Con queste parole Vittorio Bachelet ha sintetizzato, nel lontano 1964, in una dichiarazione televisiva, il compito dell’Azione Cattolica. Nello spirito di queste parole che hanno un sapore di grande attualità, l’Azione Cattolica Italiana dichiara, nel documento della XIII Assemblea Nazionale, il proprio impegno a servizio del bene comune.

L’impegno per la promozione del bene comune è innanzitutto una scelta di missionarietà per tutta l’ACI e per tutti i fedeli laici impegnati ad essere testimoni del Vangelo, ad essere “cittadini degni del Vangelo”.

E per essere davvero testimoni del Vangelo, in un mondo in continuo cambiamento, dobbiamo amare il mondo nel quale oggi ci troviamo a vivere; amare le persone che incontriamo, specie quelle più in difficoltà; amare il territorio in quanto luogo primario di una convivenza non solo civile ma conviviale.

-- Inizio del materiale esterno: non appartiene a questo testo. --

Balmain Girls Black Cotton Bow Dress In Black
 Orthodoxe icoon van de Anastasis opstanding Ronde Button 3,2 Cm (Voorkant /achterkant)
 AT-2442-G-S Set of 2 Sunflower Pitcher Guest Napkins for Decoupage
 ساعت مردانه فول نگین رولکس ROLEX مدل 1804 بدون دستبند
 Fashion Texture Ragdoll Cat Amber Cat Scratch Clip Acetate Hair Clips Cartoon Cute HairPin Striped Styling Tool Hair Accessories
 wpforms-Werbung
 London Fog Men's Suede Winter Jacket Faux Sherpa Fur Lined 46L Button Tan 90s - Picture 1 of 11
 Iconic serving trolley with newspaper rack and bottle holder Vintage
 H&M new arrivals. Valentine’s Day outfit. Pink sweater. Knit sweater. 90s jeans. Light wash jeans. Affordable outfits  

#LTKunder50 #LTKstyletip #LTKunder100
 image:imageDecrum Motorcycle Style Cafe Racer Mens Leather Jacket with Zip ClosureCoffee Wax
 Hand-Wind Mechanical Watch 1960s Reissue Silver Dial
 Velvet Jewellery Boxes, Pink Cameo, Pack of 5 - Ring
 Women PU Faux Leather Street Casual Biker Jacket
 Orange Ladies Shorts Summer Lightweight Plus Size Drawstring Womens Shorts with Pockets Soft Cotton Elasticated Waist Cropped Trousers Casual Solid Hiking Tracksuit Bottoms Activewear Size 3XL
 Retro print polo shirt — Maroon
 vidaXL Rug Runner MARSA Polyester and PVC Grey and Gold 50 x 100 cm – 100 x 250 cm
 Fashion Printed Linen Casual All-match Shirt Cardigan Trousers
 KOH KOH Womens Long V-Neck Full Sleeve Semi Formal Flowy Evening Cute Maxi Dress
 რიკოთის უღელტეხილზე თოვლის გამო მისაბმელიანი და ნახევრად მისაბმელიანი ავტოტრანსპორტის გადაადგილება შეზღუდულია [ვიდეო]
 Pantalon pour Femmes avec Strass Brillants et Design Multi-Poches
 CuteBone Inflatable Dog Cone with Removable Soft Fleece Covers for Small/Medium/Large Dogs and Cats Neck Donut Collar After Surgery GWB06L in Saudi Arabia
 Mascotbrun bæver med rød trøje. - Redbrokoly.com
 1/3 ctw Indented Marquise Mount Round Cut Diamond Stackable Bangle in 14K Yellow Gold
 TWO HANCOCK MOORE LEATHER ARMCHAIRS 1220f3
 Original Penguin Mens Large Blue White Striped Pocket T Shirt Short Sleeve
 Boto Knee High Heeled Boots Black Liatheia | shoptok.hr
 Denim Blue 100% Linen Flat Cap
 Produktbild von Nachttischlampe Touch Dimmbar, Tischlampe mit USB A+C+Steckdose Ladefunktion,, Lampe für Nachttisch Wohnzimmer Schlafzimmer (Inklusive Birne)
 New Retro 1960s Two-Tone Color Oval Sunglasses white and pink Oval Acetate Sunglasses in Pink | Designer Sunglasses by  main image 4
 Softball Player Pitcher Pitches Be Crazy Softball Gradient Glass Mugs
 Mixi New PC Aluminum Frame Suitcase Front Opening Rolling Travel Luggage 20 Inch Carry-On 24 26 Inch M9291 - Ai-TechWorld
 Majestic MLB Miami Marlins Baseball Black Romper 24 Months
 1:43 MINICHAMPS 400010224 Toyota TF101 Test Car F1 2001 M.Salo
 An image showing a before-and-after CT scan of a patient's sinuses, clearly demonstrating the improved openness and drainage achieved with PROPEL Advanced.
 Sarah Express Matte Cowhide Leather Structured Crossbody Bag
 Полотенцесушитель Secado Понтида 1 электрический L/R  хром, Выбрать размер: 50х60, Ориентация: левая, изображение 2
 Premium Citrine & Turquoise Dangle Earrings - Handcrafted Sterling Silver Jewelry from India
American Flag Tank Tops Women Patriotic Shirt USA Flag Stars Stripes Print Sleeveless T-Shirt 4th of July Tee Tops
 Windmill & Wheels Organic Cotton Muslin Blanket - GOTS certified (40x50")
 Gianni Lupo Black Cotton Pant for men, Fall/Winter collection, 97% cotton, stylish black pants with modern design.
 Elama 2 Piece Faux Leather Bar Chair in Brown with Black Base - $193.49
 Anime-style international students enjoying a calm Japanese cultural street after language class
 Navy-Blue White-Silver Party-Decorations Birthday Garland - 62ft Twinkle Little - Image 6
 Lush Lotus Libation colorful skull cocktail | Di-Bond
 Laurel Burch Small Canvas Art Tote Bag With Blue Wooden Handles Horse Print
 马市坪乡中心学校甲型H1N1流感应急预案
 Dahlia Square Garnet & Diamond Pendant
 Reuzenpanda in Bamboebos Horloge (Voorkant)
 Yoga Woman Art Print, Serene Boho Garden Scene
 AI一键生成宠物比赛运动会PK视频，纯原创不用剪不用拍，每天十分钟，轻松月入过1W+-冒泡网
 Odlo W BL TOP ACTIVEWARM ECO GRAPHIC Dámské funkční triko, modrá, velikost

Innanzitutto è importante cogliere dal cammino della Chiesa Italiana, dal Convegno di Verona alla Settimana Sociale, che il bene comune è quello di tutti, quello possibile. Lo stile, nel presentare i contenuti su questo ambito vasto della vita delle persone, è quello della concretezza e della quotidianità. Dall’altro la prospettiva è quella di guardare al mondo, spesso nelle sue pieghe drammatiche, problematiche e tristi, con umanità.

Oggi più che mai la priorità è quella di spendersi nella città e nella storia, come dice il documento finale, avendo cura di riferirsi a quel patrimonio unitario di valori irrinunciabili per costruire relazioni vere di rispetto reciproco, di dialogo, di affermazione della profondità di talune scelte frutto di un discernimento evangelico costante. E questo lo si fa sapendo che la scelta di spendersi per la città e la storia è prima di tutto una scelta culturale e di formazione.

Accanto a questo, l’ACI ha la responsabilità di attuare i propri impegni, offrendo un qualificato contributo al discernimento e alla manifestazione del pensiero con i linguaggi dell’oggi. Attraverso questo servizio l’ACI vuol far emergere la popolarità dell’esperienza di tanti fedeli laici credenti associati, sapendo che oggi conta molto la capacità di fare breccia nel pensiero della gente, di fare, insomma, opinione tra le gente.